He opened the door to the building I wasn’t supposed to go in. It was latched shut with a heavy iron lock, and when the door swung open, the hinges growled at us.

It was so hot that night, but it was even hotter inside.

Have you ever been inside a slaughterhouse? Usually the killing floor is set about a grate of some kind, a place to let the blood flow.

The floor of the building was wood.

It stank.

Copper and sweat and shit and so much blood I could taste it in the air. I coughed again and again, and my eyes watered, but when I asked him what he was doing, he just shook his head and grabbed my wrist and whispered ‘You’re old enough now. It’s time you earned your keep.’

It was like the boards had been soaked clean through. They sagged beneath my feet like wet paper, like they were soggy with all the blood they’d drank up over the years.

Metal tools lines the walls, and something brown splattered across a rusty table pressed against the back wall. Rudy wouldn’t stop screaming. Not squealing, not any sound you’d imagine a pig making. He was screaming. He was screaming like a little boy, looking up at me with those big brown eyes, so much like a person’s. I grabbed my dad’s leg, and begged him not to hurt my friend, but he kicked me away, muttering again and again and again that ‘You’re old enough now. It’s time you earned your keep.’
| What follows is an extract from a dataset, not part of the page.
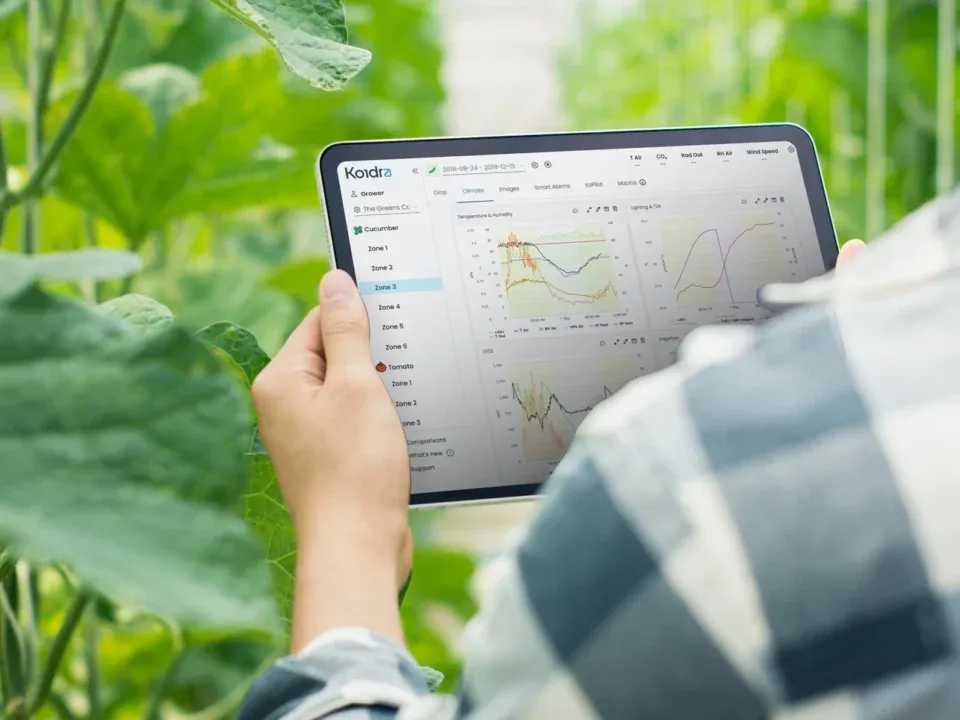 A grower in a greenhouse holding a tablet showing Koidra dashboards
I started crying once I understood what was happening. Really understood.

Rudy wasn’t even old enough to be sold yet, I don’t think. He wasn’t big enough.

Dad was just doing it to be cruel.

He tied Rudy to a hook hanging from the ceiling, and handed me something heavy and metal, with a long tube coming out the bottom. I’d never seen a bolt gun before, let alone used one. I asked dad why he was doing this.

You know what he said.

He grabbed my arm, so rough I had bruises, and guided my hand until the gun was pressed up against Rudy’s forehead. I kept asking him ‘Why are you doing this?’. Rudy’s snout pressed against my hand. He stopped screaming by that point, and when I looked at him he was crying. Crying, just like me.

Those big, brown eyes kept blinking up at me. Smarter than dad, maybe even smarter than me. I could see it. He was planning something. His little lips were flapping, like he was trying to speak. He’d always been planning something, but it was the first time I understood what he was thinking about. It was like he was telling me what to do.

I listened.

Dad was slow that night. Slower than me. He took out a cigarette and popped it between his lips but fumbled the lighter. He dropped it on the ground, then bent to pick it up. That's when I turned towards him, pointed the bolt gun at his head, right up against the skin.

He wasn't fast enough to stop me.

His neck whipped back from the force of it, and he fell backwards onto some of the tools. They made such a clatter as they rattled against the wall, and then it was quiet. Rudy wasn’t screaming anymore. I wasn’t crying. It was totally quiet, except for the crickets.

I just stood there, breathing hard while Rudy pressed his snout up against my side. I was so scared. I didn’t know what to do.

Dad groaned, and I screamed. His foot twitched.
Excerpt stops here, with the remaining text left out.